WHAT YOU WILL DO: With the pictures set aside, write out all of the data exactly as it stands.

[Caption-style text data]

▽

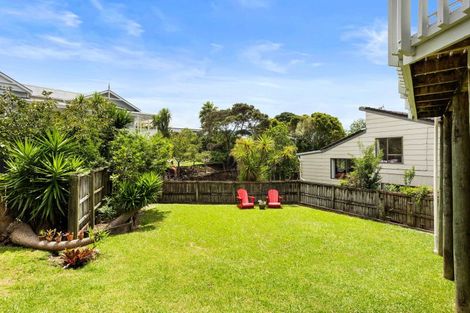 Photo of property in 2/30 Fordham Street, Beach Haven, Auckland, 0626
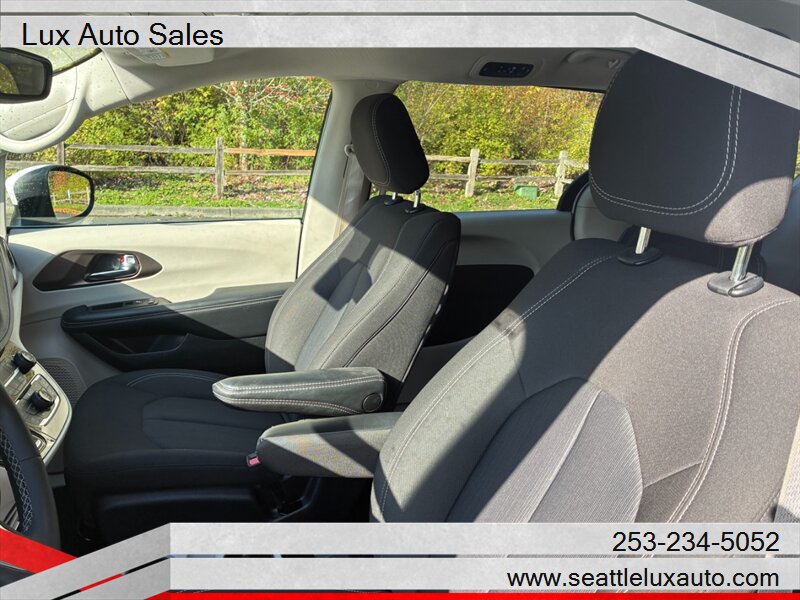 2023 Chrysler Voyager LX - Photo 12 - Woodinville, WA 98077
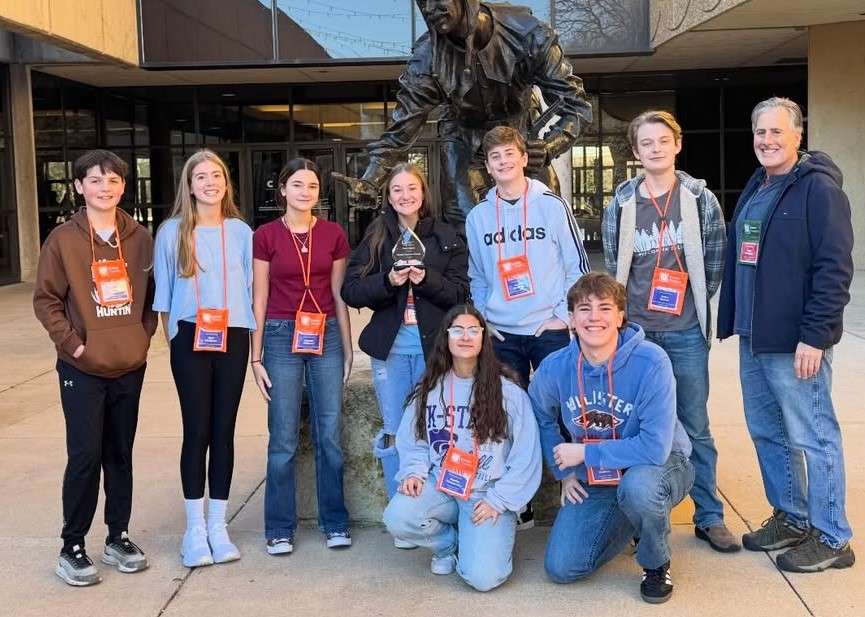 (standing) Lathem Kizar, Kate McGlynn, Natalie Williams, Jaiden Jaeger, James McGlynn, Issac Dyson and teacher Greg McGlynn, &nbsp;(kneeling) Danika Zimmerman and Trace DeShon. (Courtesy photo)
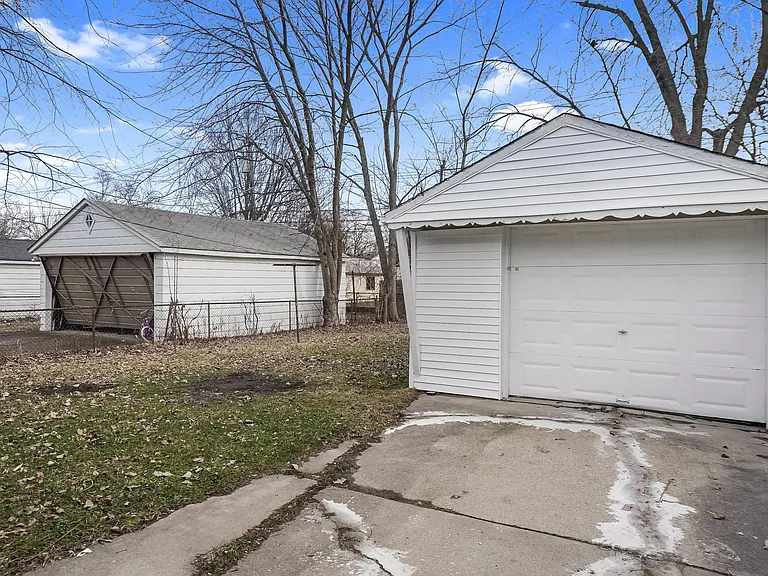 22000 Cunningham Ave — Photo 13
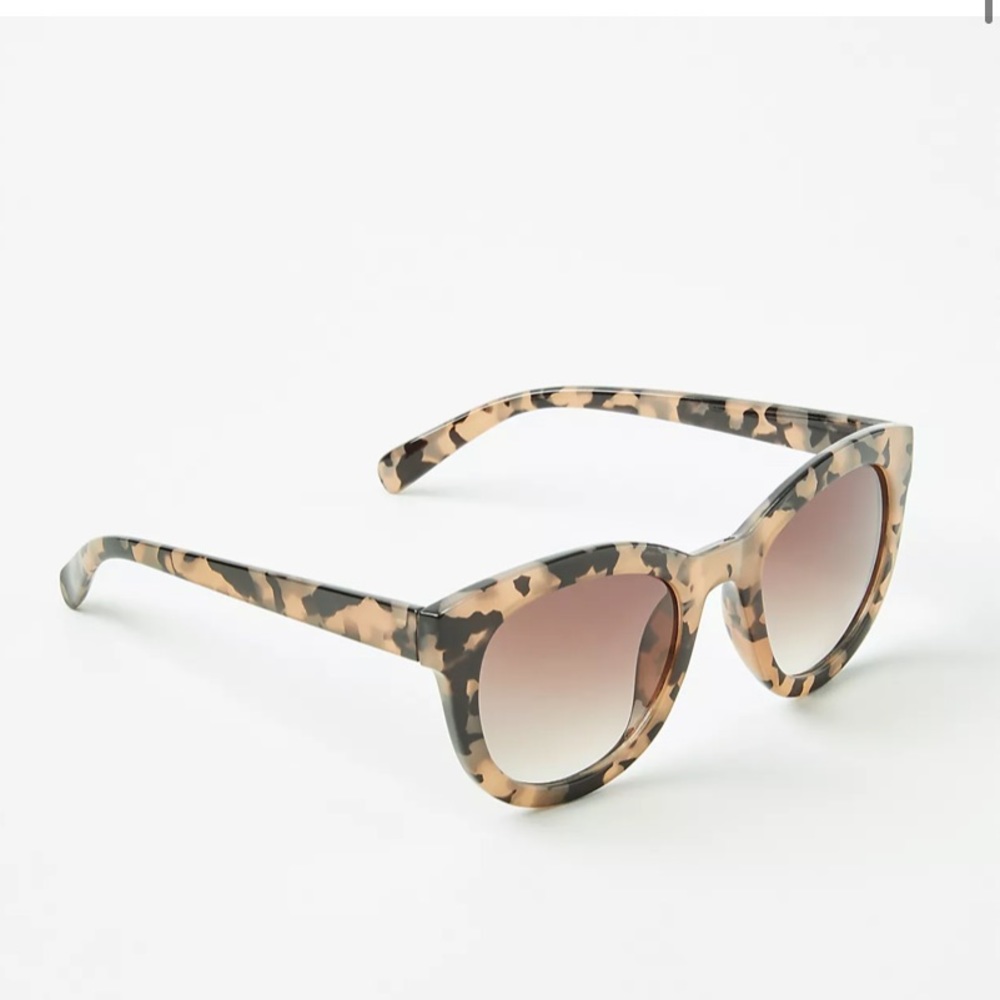 LOFT NWT Round Sunglasses‎ - Milky Tan Tortoise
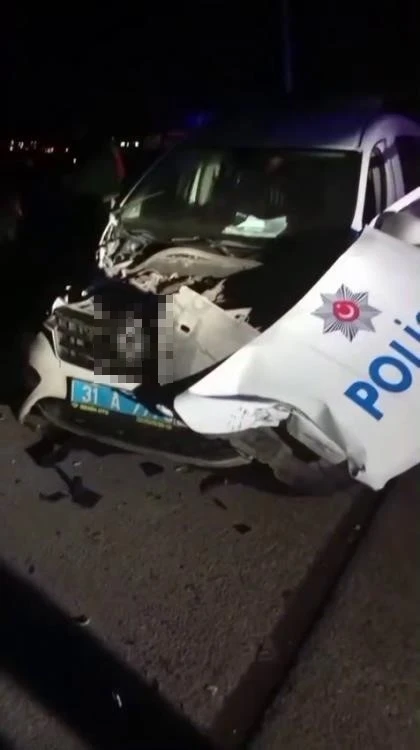 Polis aracına &ccedil;arparak 2 polisin yaralanmasına neden olan s&uuml;r&uuml;c&uuml; 1.98 promil alkoll&uuml; &ccedil;ıktı
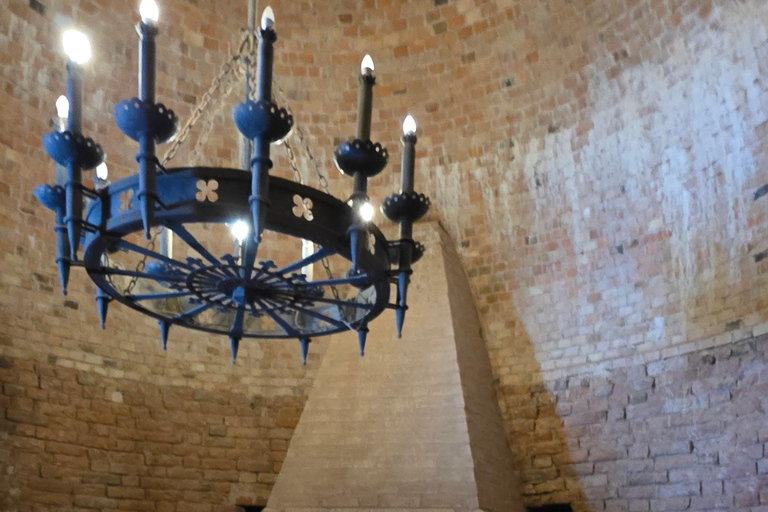 From Riga: Turaida & Sigulda Day Trip with Guide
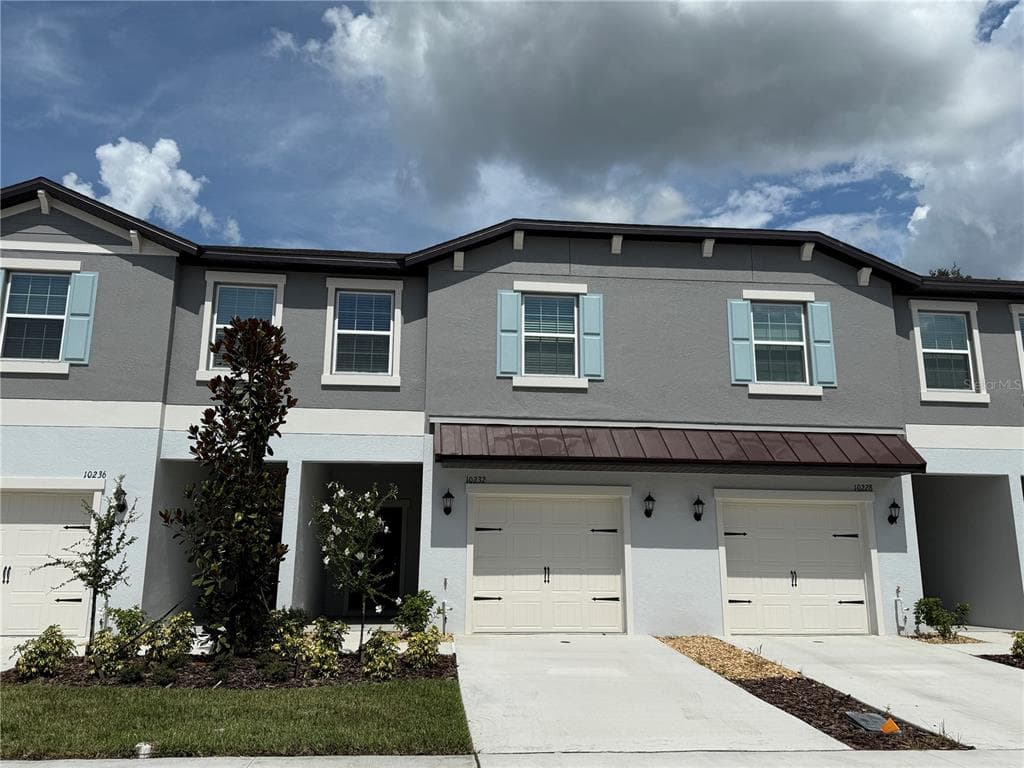 10232 TRUMPET HONEYSUCKLE WAY SAN ANTONIO, FL 33576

△

SOLUTION BELOW:
 Photo of property in 2/30 Fordham Street, Beach Haven, Auckland, 0626
 2023 Chrysler Voyager LX - Photo 12 - Woodinville, WA 98077
 (standing) Lathem Kizar, Kate McGlynn, Natalie Williams, Jaiden Jaeger, James McGlynn, Issac Dyson and teacher Greg McGlynn, &nbsp;(kneeling) Danika Zimmerman and Trace DeShon. (Courtesy photo)
 22000 Cunningham Ave — Photo 13
 LOFT NWT Round Sunglasses‎ - Milky Tan Tortoise
 Polis aracına &ccedil;arparak 2 polisin yaralanmasına neden olan s&uuml;r&uuml;c&uuml; 1.98 promil alkoll&uuml; &ccedil;ıktı
 From Riga: Turaida & Sigulda Day Trip with Guide
 10232 TRUMPET HONEYSUCKLE WAY SAN ANTONIO, FL 33576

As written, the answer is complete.